*Task brief*:
Among the lines listed below, count those that include the string "Genesis", and state only the count.

*Data block*:

[Start of section]

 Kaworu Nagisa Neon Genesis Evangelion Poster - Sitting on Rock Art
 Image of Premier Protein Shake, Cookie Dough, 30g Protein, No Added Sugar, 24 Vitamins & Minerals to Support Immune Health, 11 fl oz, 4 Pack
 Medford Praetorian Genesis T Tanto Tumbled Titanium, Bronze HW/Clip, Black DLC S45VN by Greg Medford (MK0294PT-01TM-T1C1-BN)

[End of section]

*Task answer*:
2